(Collected data)
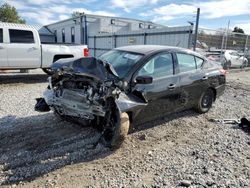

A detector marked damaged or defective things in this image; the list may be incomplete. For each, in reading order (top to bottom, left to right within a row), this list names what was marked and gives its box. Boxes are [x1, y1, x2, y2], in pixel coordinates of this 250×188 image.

crushed hood [50, 57, 118, 81]
severely damaged car [35, 44, 227, 148]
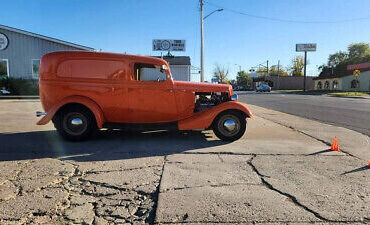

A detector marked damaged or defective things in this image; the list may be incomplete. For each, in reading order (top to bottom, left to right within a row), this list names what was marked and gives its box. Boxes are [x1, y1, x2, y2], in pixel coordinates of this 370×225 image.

cracked concrete pavement [0, 99, 370, 224]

**AIM OF THE EXERCISE:** Return every line from the one holding "this 370×225 image." through the end of the data, exactly as it appears, with both ends kept and nothing else.

**REPLY:**
A detector marked damaged or defective things in this image; the list may be incomplete. For each, in reading order (top to bottom, left to right within a row), this list names what was marked and gives its box. Boxes are [x1, y1, x2, y2], in pixel coordinates of this 370×225 image.

cracked concrete pavement [0, 99, 370, 224]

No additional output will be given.